In the 1933 novel Lost Horizon, British author James Hilton conjures up images of an earthly paradise he calls Shangri-La, a “Garden of Eden,” where people can escape the work-a-day world to play amid cooling waters and flowering glories of nature.
Grayson County’s Shangri-La, a special place to escape the terrible heat of a Texas summer, may have been—at least for the privileged—a private paradise known as Chapman Park.
Spread over a twenty-six-acre tract of land between Sherman and Whitewright, Chapman Park was the realization of a dream brought to life by the Chapman family of Sherman. Never open to the public, Chapman Park was a hidden retreat reserved for the Chapman family, their friends and invited guests.
Richard A. Chapman, a Confederate veteran from Tennessee, who came to Grayson County after the Civil War, was the patriarch of the family. In Sherman, he became a flour miller, an officer in the Merchants and Planters Bank and an investor in other local enterprises.
In 1908 he purchased the Anderson Milling Company, changed its name to the Chapman Milling Company, and eventually sold the business to his sons, George and Dick. Under the younger Chapmans, the milling business boomed, and in a few years, they were shipping flour around the world. In time, Sherman became the largest milling center in Texas.
After World War I and before the Great Depression of the 1930s, the Chapmans and their families lived large. The Chapman house and yard filled the entire 1300 block between East Lamar and East Houston streets. It had no equal in Sherman’s College Hill District.

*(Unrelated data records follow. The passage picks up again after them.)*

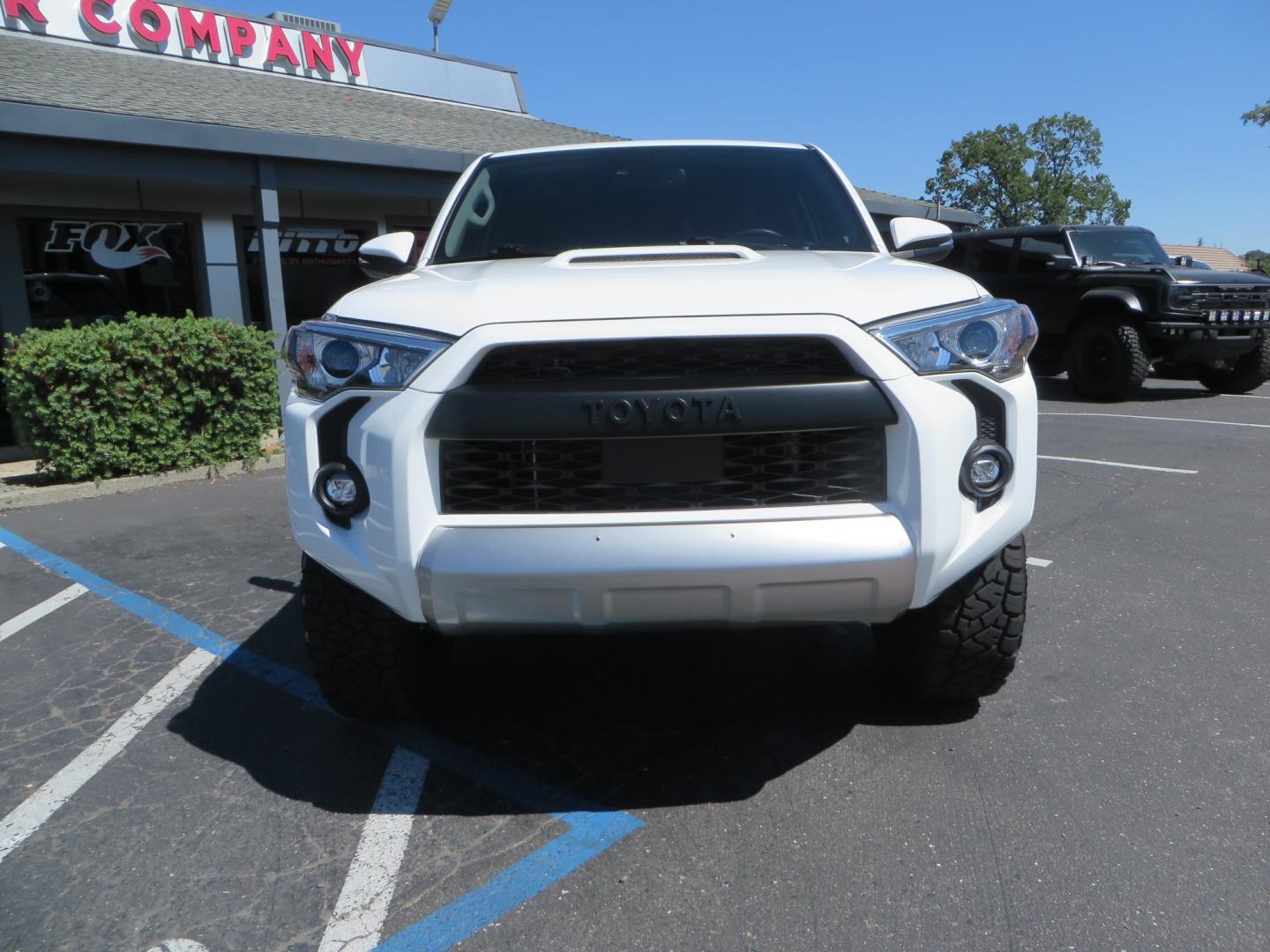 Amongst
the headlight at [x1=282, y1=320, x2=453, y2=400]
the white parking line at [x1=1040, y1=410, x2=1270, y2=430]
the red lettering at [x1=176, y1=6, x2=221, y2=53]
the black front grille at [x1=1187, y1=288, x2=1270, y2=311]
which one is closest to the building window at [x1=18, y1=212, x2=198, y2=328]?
the red lettering at [x1=176, y1=6, x2=221, y2=53]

The Chapmans were big game hunters who brought trophies home from Africa and Alaska. The need to have space to properly display their hunting successes appears to have been one of the major factors in deciding to create their own Shangri-La in a pasture southeast of Sherman on the Ida road.
The glories of Chapman Park might have remained a nearly forgotten part of Sherman’s early history had it not been for Sherman author and historian Jack Frost McGraw, who was fortunate as a young woman to have spent time at the Chapman family retreat.

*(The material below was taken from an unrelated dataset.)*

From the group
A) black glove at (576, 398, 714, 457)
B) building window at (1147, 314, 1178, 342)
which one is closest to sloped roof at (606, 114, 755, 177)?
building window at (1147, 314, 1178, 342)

In her book, A Pleasure Dome, Ms. McGraw describes how workmen, using mule-drawn equipment, created a dam and a lake where two streams met. The dam, which also served as a spillway, created a second sizeable pond on the downstream side as well, but it was the lake behind the dam that drew much of the Sherman writer’s attention.
It was not only the water and landscaping that help create the wonders of the Chapman Park. There also was an impressive lodge supported on stilts that jutted out into the lake.

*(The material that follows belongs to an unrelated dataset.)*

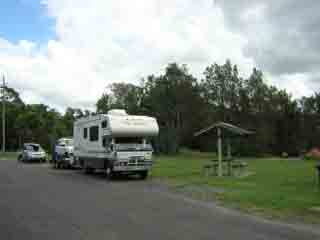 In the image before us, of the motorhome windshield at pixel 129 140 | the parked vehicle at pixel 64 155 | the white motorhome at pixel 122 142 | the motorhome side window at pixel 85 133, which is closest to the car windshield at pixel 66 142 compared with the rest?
the parked vehicle at pixel 64 155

The lodge housed the Chapman brothers’ extensive collection of hunting trophies—a stuffed bear and other animals, as well as mounted heads, horns and even fish. A trap door in the lodge led down to a small pier where canoes for the family and friends were docked.
In the 1920s, Chapman Park attracted the attention of Hollywood moviemakers. Scenes from the silent movie Love, Luck and Oil were filmed amidst the splendors of the Blackland Prairie paradise.
George Chapman died in June 1925, and with his death the gaiety of the parties at Chapman Park began to wither and die. During the 1940s when the country was involved in World War II, the property was left untended. Soon silt from plowed fields upstream filled the swimming pool and the lake. Tropical plants and trees died for lack of attention.
Dick Chapman died in 1949, his wife Nora in 1962. Heirs to the property sold it to new owners. The former lodge became a home. The old spillway was dredged out to make a stock pond, and the abundant overgrowth was cleared. Over the grand entrance to the property, the name “Merriman” has replaced “Chapman.”
Today, where Chapman Park once stood, there is a neat cattle ranch and a row of modern houses with well-tended native trees and plants. Gone, but not forgotten, Chapman Park is a reminder of how some Texans used to escape the heat of summer in style.